But then
again, my misery is hardly unique. It’s not just me that suffers due to poor
public transport, messy roads, gross ineptitude, bribe culture and utterly
inept public offices – millions across the nation share these. And that’s just
local news, here’s the national: an MP demands that an internationally
acclaimed intellectual be stripped of his Bharat Ratna for daring to express
his opinion; an honest IAS officer is blatantly suspended for taking on the
mining mafia; pot-bellied politicians advice the poor to fill their stomach with
imaginary Rs 5 meals… and so on.
We live in a
society which houses a third of the world’s poor and the largest illiterate population
across the globe – probably deliberately kept so to serve as gullible voters.
We live in a democracy where politics is family business, and the only choice
voters have is between him and him. We live in an economy where multi-crore scams
don’t even make the front-page anymore.
I read then, and
I talk, I look around and I feel the frustration building up within me.
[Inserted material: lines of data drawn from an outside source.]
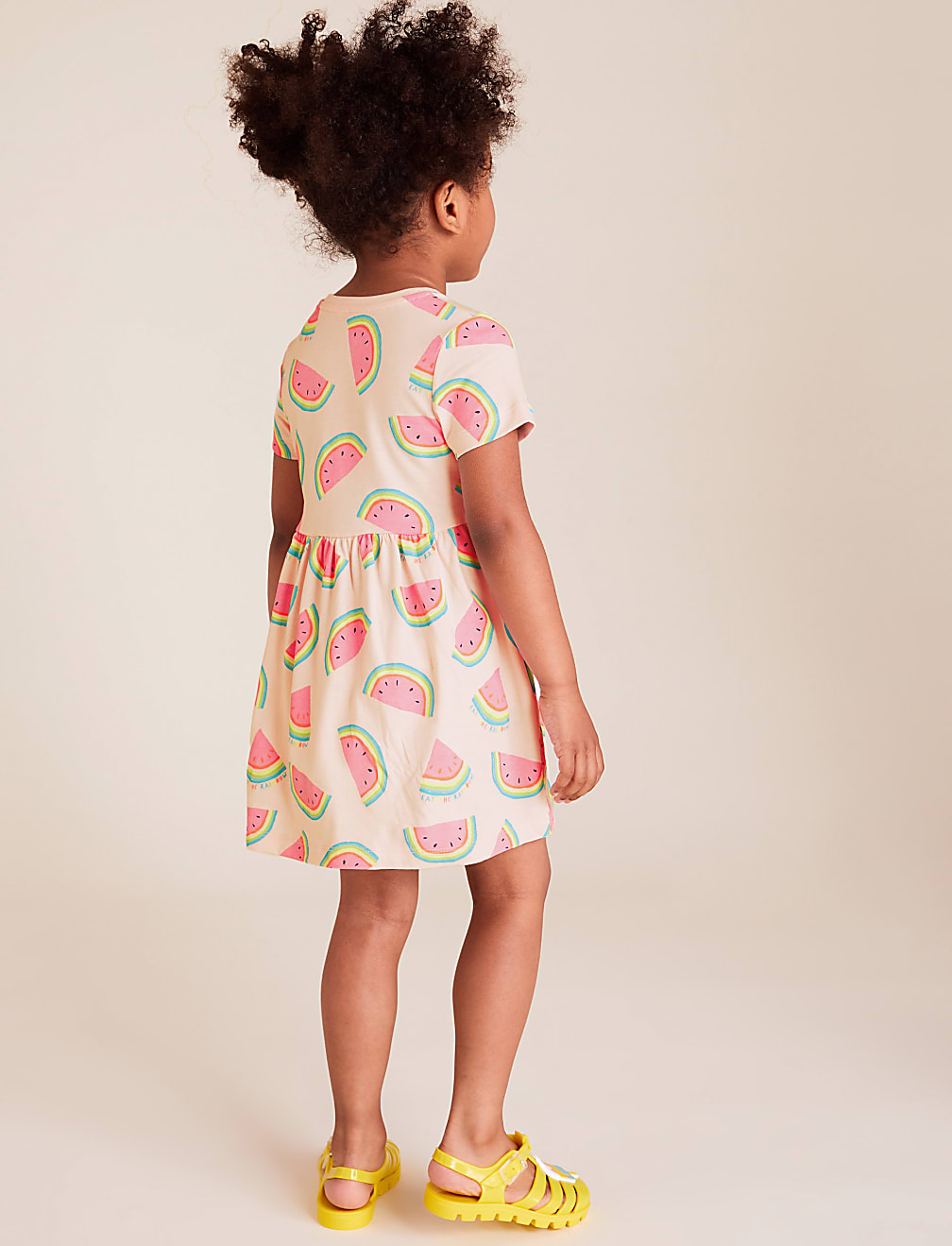 Pure Cotton Melon Print Dress (2-7 Yrs)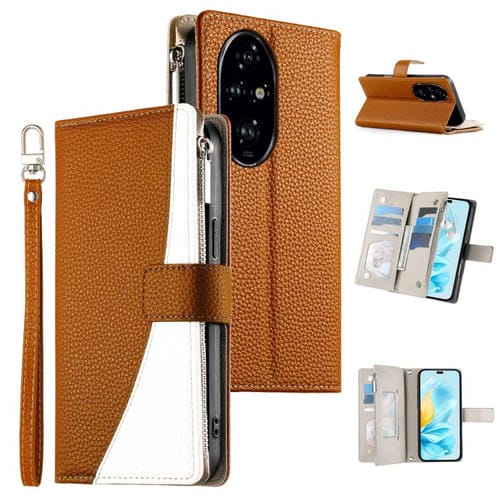 Funda de cuero con cremallera para teléfono con múltiples tarjetas y costuras para Honor 200 Pro (marrón)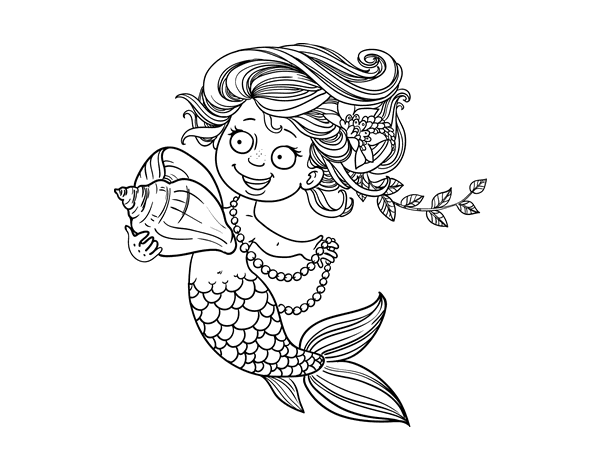 贝壳珍珠美人鱼简笔画图片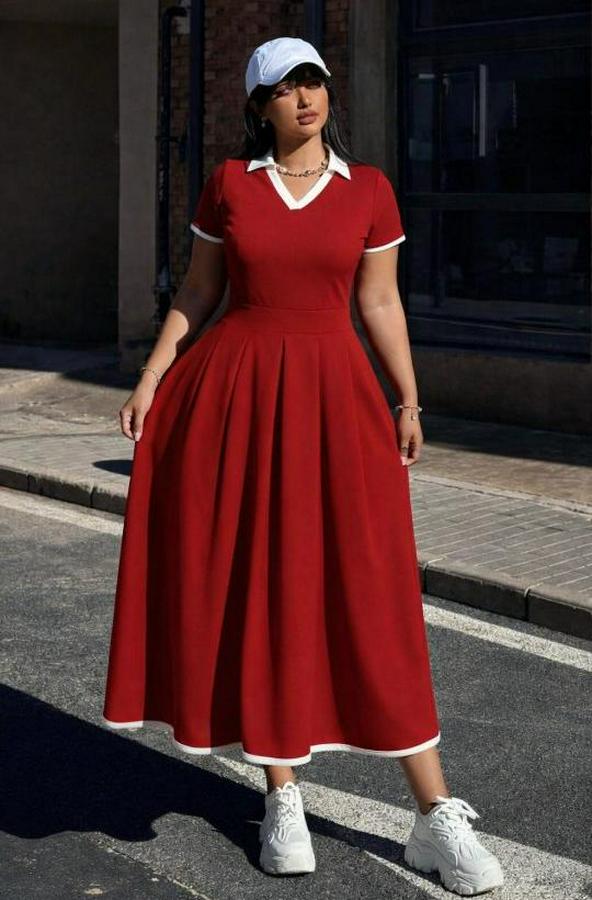Kısa Kollu V Yakalı Pileli Uzun Janjan Krep Elbise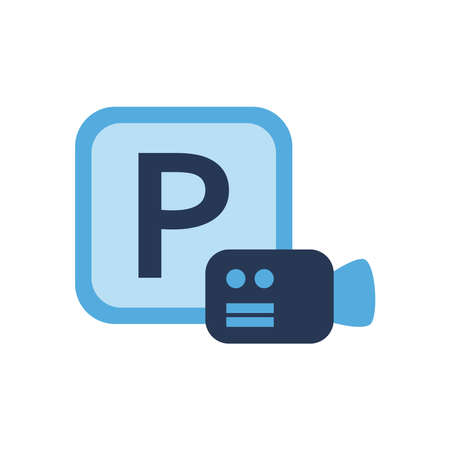 parking road sign frame and videocamera flat style icon design, Park and transportation theme Vector illustrationのイラスト素材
But
what I can’t decide is whether there is still a way out? Sofa-activism is easy.
Like this blog. But how effective is it really? How effective are NGOs? There
are numerous Indian websites dedicated to building a better India, but what are
their real motives?
Back in
college, I and my friends started a group to protest for some necessary
changes. In response, the administration formulated a new student committee to
address the issues. The entire situation soon got politicized, the committee
lost its fangs, and within an year became sycophantic and idle. Who was to
blame in that situation?
I have friends
who aspire to get into the IAS. Perhaps I should praise them for exchanging
lucrative careers for an honest officer’s salary in order to serve the country?
Except that most of them never explicitly say that they want to do it for the
right reasons…
And thus we
come to the basic question: throughout all this, where do we stand? We are told that India is demographically a young
country, and we keep hearing that the youth wants this and it wants that. But
the ‘youth’ is not some fictitious chimera – it’s us. And so I ask you: what
do you think is the nature of Young
India?
Are you really
against corruption, or do you just like joke about it on social networks? Do
you really refuse to transact in bribes or are they a part of life? Are you
secular? More fundamentally, which side are you really on?